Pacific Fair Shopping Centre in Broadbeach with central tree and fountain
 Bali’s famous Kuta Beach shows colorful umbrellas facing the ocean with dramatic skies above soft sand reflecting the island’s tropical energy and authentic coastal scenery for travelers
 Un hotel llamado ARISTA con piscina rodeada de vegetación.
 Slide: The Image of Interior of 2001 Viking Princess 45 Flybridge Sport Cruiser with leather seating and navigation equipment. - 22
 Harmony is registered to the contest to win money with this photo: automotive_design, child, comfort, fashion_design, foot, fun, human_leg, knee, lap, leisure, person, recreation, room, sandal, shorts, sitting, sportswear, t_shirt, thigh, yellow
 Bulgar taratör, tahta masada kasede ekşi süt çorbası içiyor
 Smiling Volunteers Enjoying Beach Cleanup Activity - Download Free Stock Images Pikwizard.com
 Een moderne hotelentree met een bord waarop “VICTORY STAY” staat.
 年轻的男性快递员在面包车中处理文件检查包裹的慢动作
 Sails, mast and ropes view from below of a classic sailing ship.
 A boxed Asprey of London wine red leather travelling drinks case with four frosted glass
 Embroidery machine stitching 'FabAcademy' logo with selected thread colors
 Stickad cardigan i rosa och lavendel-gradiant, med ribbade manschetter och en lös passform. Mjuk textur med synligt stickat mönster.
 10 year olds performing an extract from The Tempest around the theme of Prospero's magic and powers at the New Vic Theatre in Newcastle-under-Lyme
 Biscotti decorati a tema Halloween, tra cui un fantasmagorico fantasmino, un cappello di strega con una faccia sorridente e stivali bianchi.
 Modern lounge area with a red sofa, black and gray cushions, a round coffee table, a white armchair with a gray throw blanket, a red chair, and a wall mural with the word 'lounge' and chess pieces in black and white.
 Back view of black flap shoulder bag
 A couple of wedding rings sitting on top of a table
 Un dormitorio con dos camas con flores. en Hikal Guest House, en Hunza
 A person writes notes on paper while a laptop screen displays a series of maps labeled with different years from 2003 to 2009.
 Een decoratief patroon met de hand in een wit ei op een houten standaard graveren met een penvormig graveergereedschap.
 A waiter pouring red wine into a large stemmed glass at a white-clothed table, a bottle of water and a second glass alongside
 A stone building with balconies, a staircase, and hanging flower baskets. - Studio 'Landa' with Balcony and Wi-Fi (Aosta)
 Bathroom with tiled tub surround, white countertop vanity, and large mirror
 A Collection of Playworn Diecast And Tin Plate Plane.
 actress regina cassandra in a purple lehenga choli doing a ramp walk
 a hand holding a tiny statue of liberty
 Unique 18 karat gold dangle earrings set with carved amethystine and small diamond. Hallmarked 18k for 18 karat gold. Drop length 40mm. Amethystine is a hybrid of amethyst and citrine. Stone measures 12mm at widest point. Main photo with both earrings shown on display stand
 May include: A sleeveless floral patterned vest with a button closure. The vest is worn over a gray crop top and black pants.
----
> _PROBLEM DETAILS_
From the data above, output only the lines between the line containing "Bali’s famous Kuta" and the line containing "Embroidery machine stitching", inclusive, exactly as written.

> _EXERCISE RESULT_
 Bali’s famous Kuta Beach shows colorful umbrellas facing the ocean with dramatic skies above soft sand reflecting the island’s tropical energy and authentic coastal scenery for travelers
 Un hotel llamado ARISTA con piscina rodeada de vegetación.
 Slide: The Image of Interior of 2001 Viking Princess 45 Flybridge Sport Cruiser with leather seating and navigation equipment. - 22
 Harmony is registered to the contest to win money with this photo: automotive_design, child, comfort, fashion_design, foot, fun, human_leg, knee, lap, leisure, person, recreation, room, sandal, shorts, sitting, sportswear, t_shirt, thigh, yellow
 Bulgar taratör, tahta masada kasede ekşi süt çorbası içiyor
 Smiling Volunteers Enjoying Beach Cleanup Activity - Download Free Stock Images Pikwizard.com
 Een moderne hotelentree met een bord waarop “VICTORY STAY” staat.
 年轻的男性快递员在面包车中处理文件检查包裹的慢动作
 Sails, mast and ropes view from below of a classic sailing ship.
 A boxed Asprey of London wine red leather travelling drinks case with four frosted glass
 Embroidery machine stitching 'FabAcademy' logo with selected thread colors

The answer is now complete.